1 December 2007, Dean Sueck @ 9:57 am

I wanted to find something big and spectacular for my first posting to this blog and this story seems to fit both bills. It’s as big as anything I can think of that science has come up with so far and your humble moderator’s mind keeps trying to wrap itself around it, and of course, failing.

The New Scientist website reported on 24 August 2007 that there’s a void in space, 6 to 10 billion light years from Earth that stretches across a billion empty light years of absolute nothingness from the direction of the constellation Eridanus. According to Lawrence Rudnick and colleagues at the University of Minnesota, there are no radio waves coming from this area of space, meaning no galaxies, no super clusters, stars or even dark matter, though he seems to think that this is confirmation of dark energy in the universe.

But another team at the University of North Carolina at Chapel Hill suggests that the incredible void may be the imprint of another universe on our own. Also reported in New Scientist, on 24 November 2007, Laura Mersini-Houghton and her team infer that this might also vindicate string theory.
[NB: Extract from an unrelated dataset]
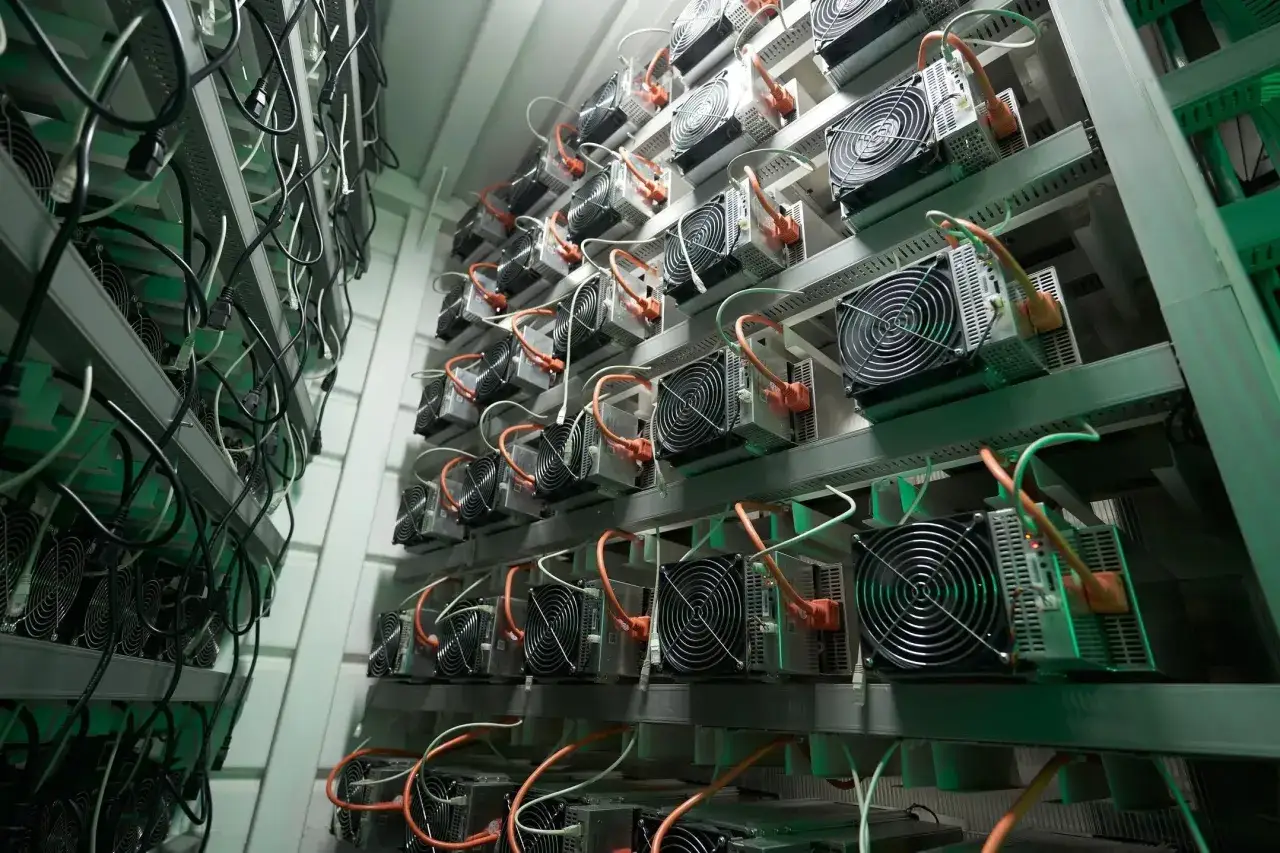 Zdjęcie Koparka kryptowalut – co to jest i czy naprawdę się opłaca?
According to the New Scientist article, “In string theory, 10500 universes (or string vacuums) are described, each with unique properties. They contend that the largeness of our universe is due to its vacuum counterbalancing gravity. This counter-gravity of the vacuum keeps our universe very large (rather than shrinking due to gravity)—larger than the other multitude of universes. The team says that smaller universes are positioned at the edge of our universe, and because of this interaction they are seen by us.”

This is one reason to watch astronomy closely in the future and we’ll try to keep a close eye on it on this blog. A billion light years across. wowser.

What can your moderator say? Extraordinary claims demand extraordinary proofs.